Start of SUPPLIED RECORDS
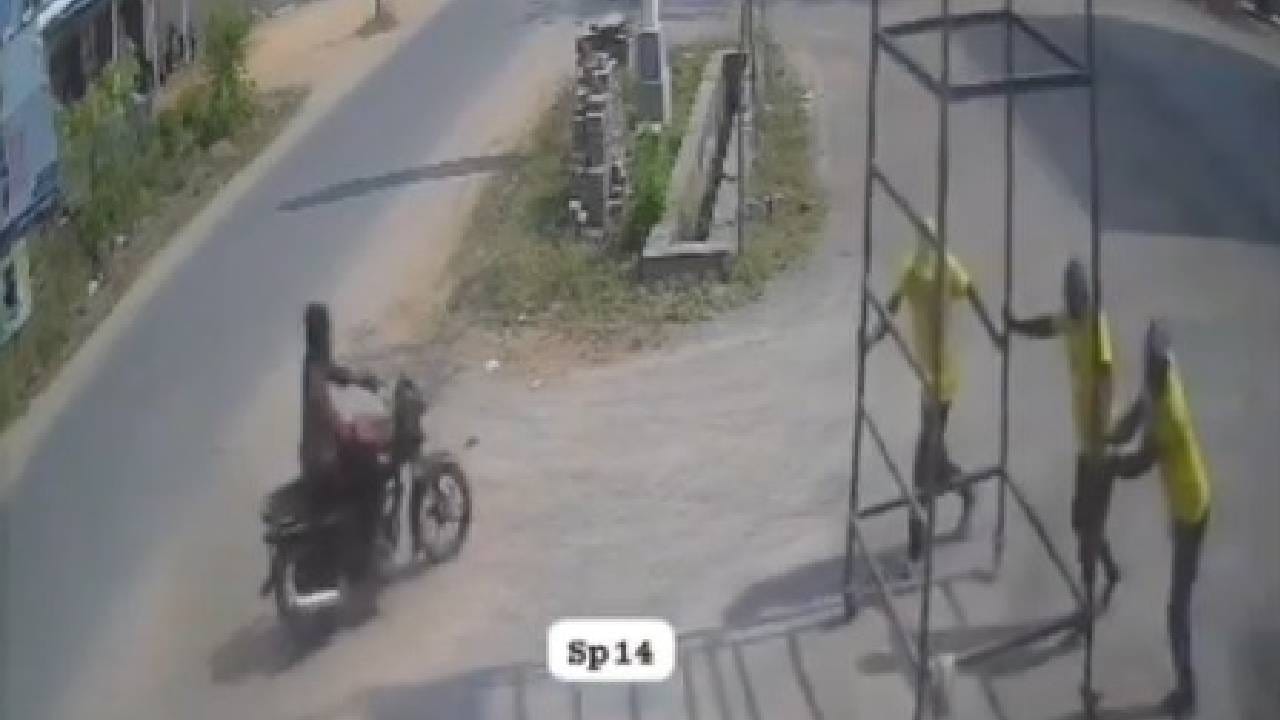 ವಿಡಿಯೋ: ಕಬ್ಬಿಣದ ಸ್ಟ್ಯಾಂಡ್ ಹಿಡಿದು ಬರುತ್ತಿದ್ದವರಿಗೆ ವಿದ್ಯುತ್ ತಗುಲಿ ಅಲ್ಲೇ ಹೋಯ್ತು ಪ್ರಾಣ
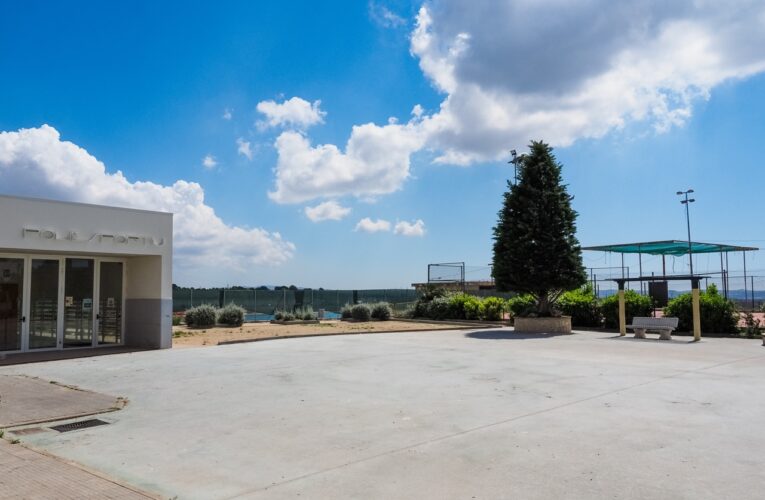 S’aprova inicialment el projecte per construir un gimnàs, un rocòdrom i tres pistes de pàdel i renovar els vestidors del camp de futbol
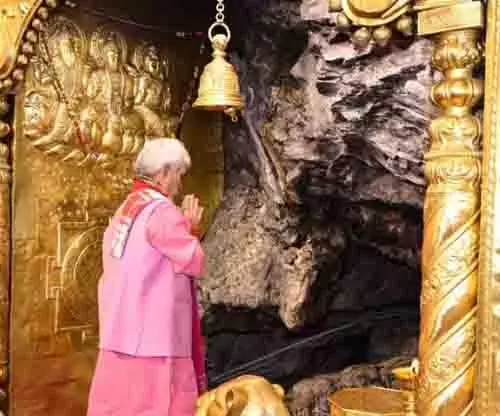LG ने माता वैष्णो देवी मंदिर में पूजा-अर्चना की LG ने माता वैष्णो देवी मंदिर में पूजा-अर्चना की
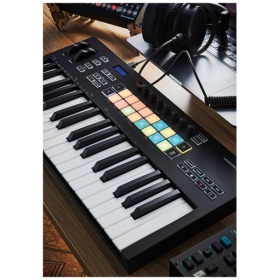 Controlador Novation Launchkey 37 Mk3 - Image 5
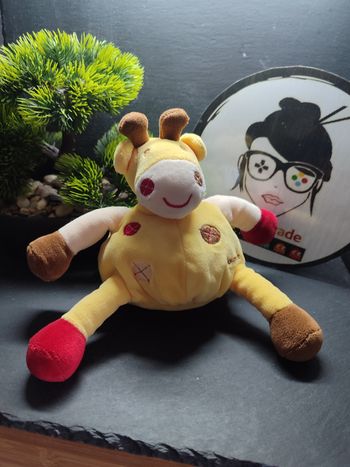 doudou peluche girafe nounours jaune rouge marron rond croix ancien Beige Boule
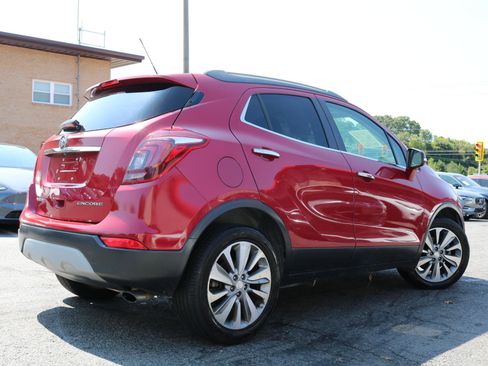 Used 2018 Buick Encore Preferred FWD image 2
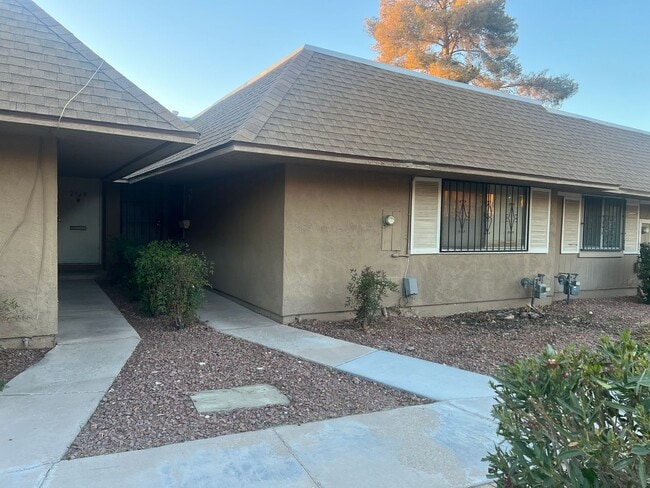 Building Photo - Ready for Move In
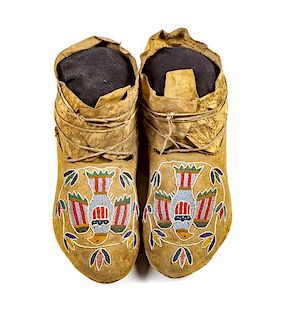 Dakota Sioux Beaded Moccasins Length 11 inches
End of SUPPLIED RECORDS
TASK GOAL ->
In the records above, the lines from the one containing "Controlador Novation Launchkey" through the last line are to be written out exactly, both ends included and pictures omitted.

OUTPUT BELOW ->
 Controlador Novation Launchkey 37 Mk3 - Image 5
 doudou peluche girafe nounours jaune rouge marron rond croix ancien Beige Boule
 Used 2018 Buick Encore Preferred FWD image 2
 Building Photo - Ready for Move In
 Dakota Sioux Beaded Moccasins Length 11 inches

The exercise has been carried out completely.